**Task prompt:**
Take the line containing "Veglio Angelo 1992 Barolo" through the last line of the data and retype those lines exactly. Pictures do not belong in the copy.

**Dataset extract:**
*** Begin section ***
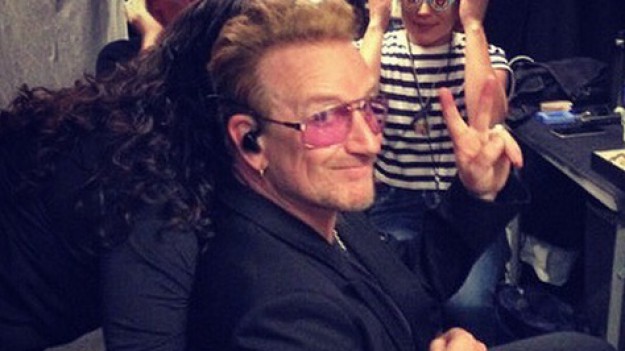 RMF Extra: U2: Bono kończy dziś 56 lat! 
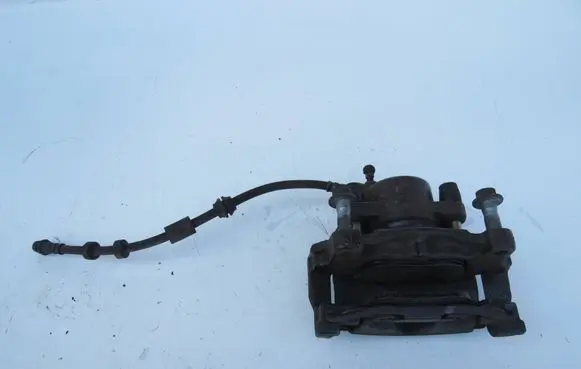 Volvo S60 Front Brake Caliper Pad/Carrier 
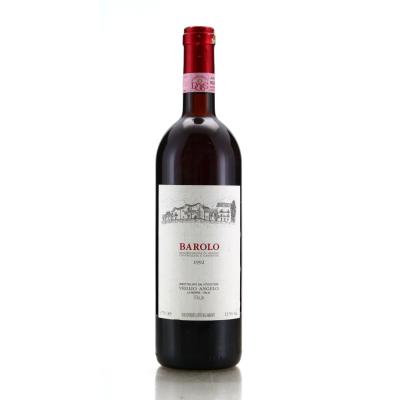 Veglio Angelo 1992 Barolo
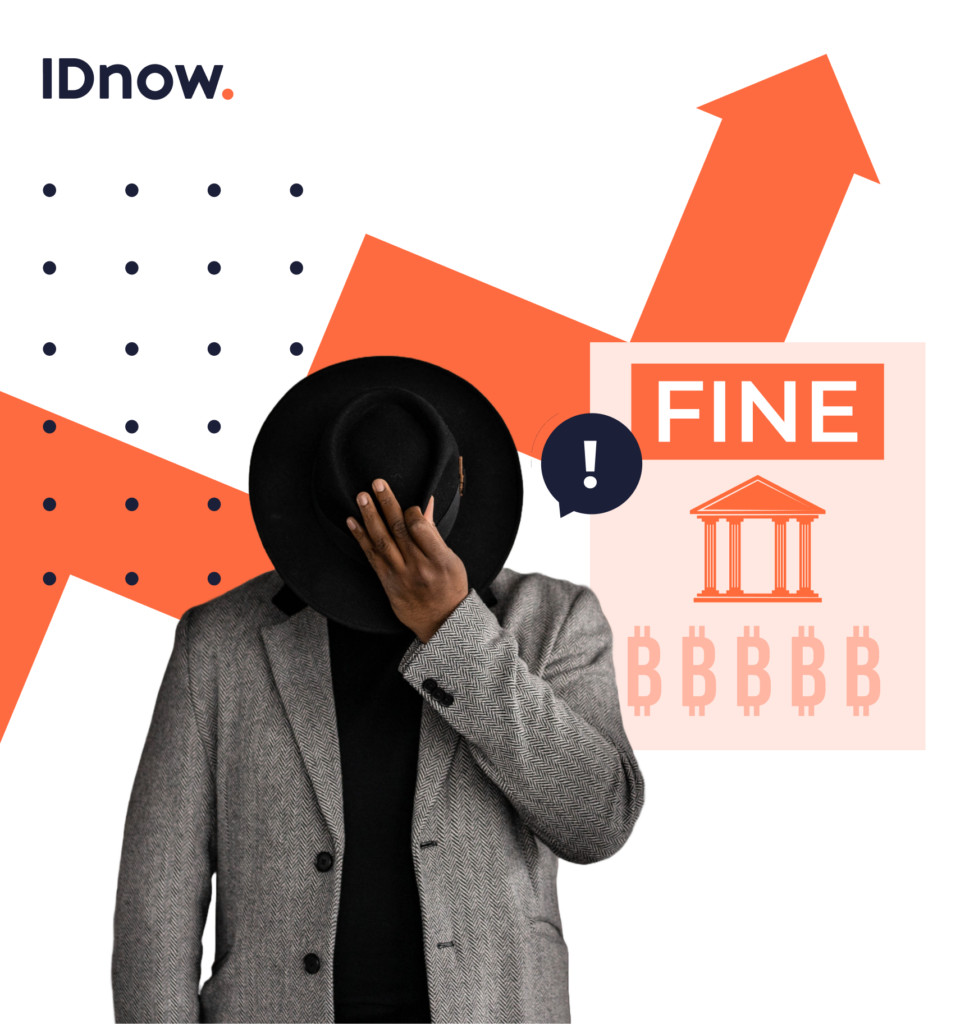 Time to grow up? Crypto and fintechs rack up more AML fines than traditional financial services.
*** End section ***
**Answer to this problem:**
 Veglio Angelo 1992 Barolo
 Time to grow up? Crypto and fintechs rack up more AML fines than traditional financial services.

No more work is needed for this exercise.